Another nail in the market’s coffin illustrating the 4% rule in the Value Line. Note that even the Value Line shows head and shoulders characteristics.
While the politicians are busy burning down Rome the market is not ignoring their handiwork. Last week the market threw off a sell signal that has ominous implications in the present circumstances.
Thirty or forty years ago Marty Zweig published the 4% indicator (attributed to Ned Davis). Like landmines that sleep quietly subsurface till someone steps on them the indicator has slumbered peacefully until this week, when the Dow was down 4.2%. Zweig’s indicator was not based on the Dow. Rather it was based on the Value Line. The Value Line was down almost 5%.
Zweig demonstrated, and recent studies have re-validated the method – that buying a 4% upweek in the Value Line (or selling a 4% downweek) resulted in performance nearing 20 times better than buy and hold.
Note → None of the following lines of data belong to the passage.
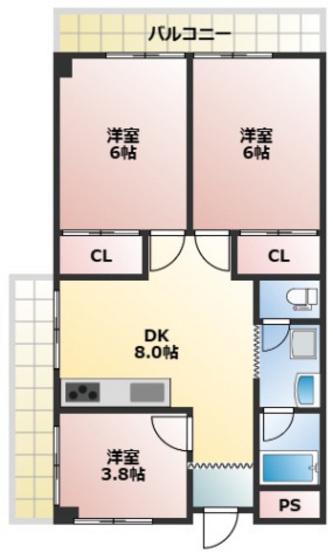 パークヒルズ豊成(3DK/6階)の間取り写真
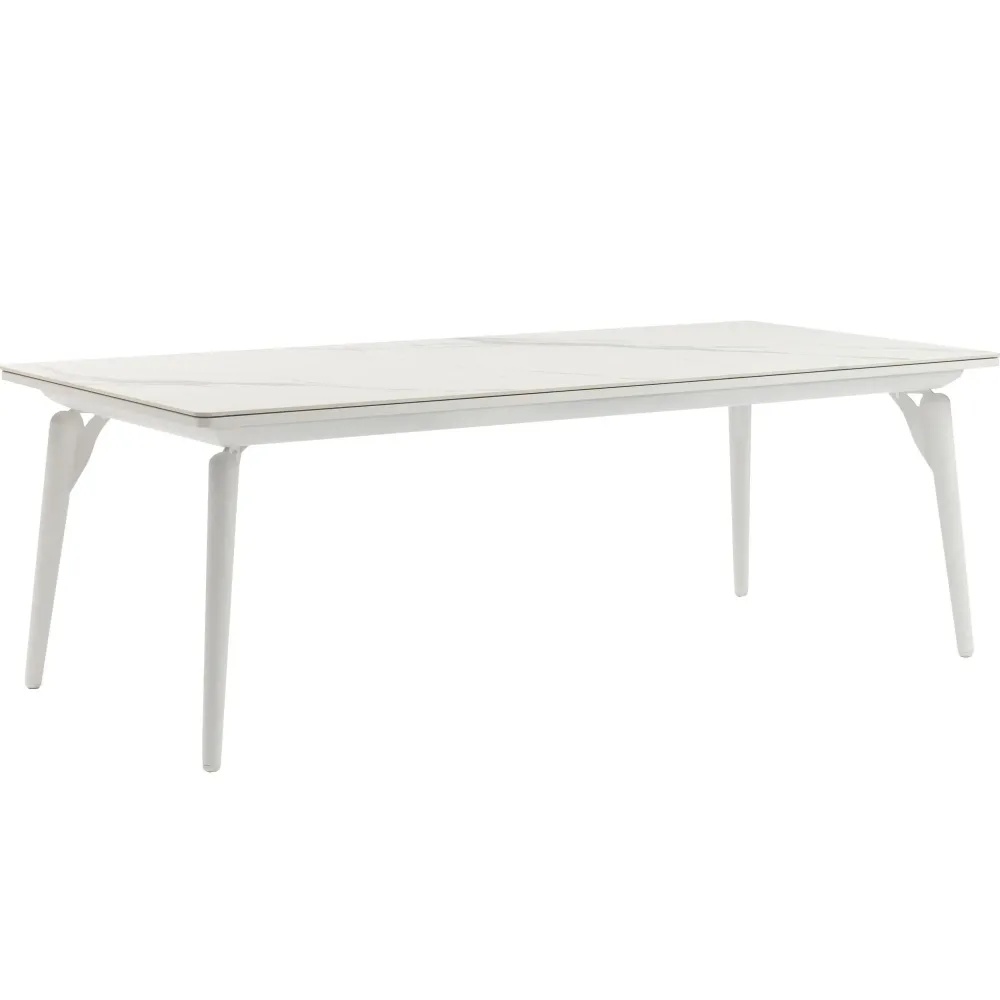 Mesa de comedor Irvine 220x100cm aluminio blanco top porcelánico blanco Material WPC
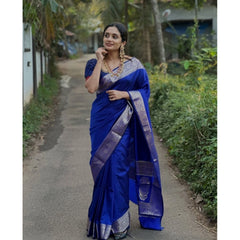 Mayawye Women's Silk Woven Kanjivaram Saree With Unstitched Blouse (5.5Mtr, Blue)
The Value Line index is used as the signal, and the trades are made in midcap indexes –or actually, in our opinion almost any of the indices.
We don’t think you have to believe in this signal to have pessimistic expectations for the market this coming week. We will be mildly astonished if Monday the markets do not send the Washington arsonists, hobbits and trolls and economic know-nothings a stinging message. (Assuming they haven’t magically produced a compromise on Sunday.)
As if the 4% sell signal weren’t bad enough there is then the rule of seven to work on the S&P. Based on this week’s downwave, by the rule of seven the market is calculated to reach 1235.43 on the next wave, then 1198.75 on the next, then 1124.76 on the next and then 903.42 before this series of waves exhausts itself. These are theoretical price targets, not guarantees but it is true that this target calculation technique has much respect among technicians. An article on the technique which Sklarew described is at
edwards-magee.com/ggu/ruleofseven.pdf.
In addition to targets from the rule of seven there is the head and shoulders measuring rule, which targets 1197, approximately.
Running the Wykoff point and figure measuring formula the target is: 1010.58. Stockcharts.com, using its own algorithms sees the target as 1140.
As always edwards-magee.com is not predicting, and we do not stand behind our forecasts. This market analysis is just that – an analysis using the tools of the trade. Every analysis has a 50% chance of being wrong. However investors must use the conditions of the moment to take their positions, and these conditions are very dark at present. We have been shrieking Cassandra-like for months, pointing out the gathering storm. For our personal accounts we are now short the S&P (on the close Friday) and long gold. Most everything else is flat.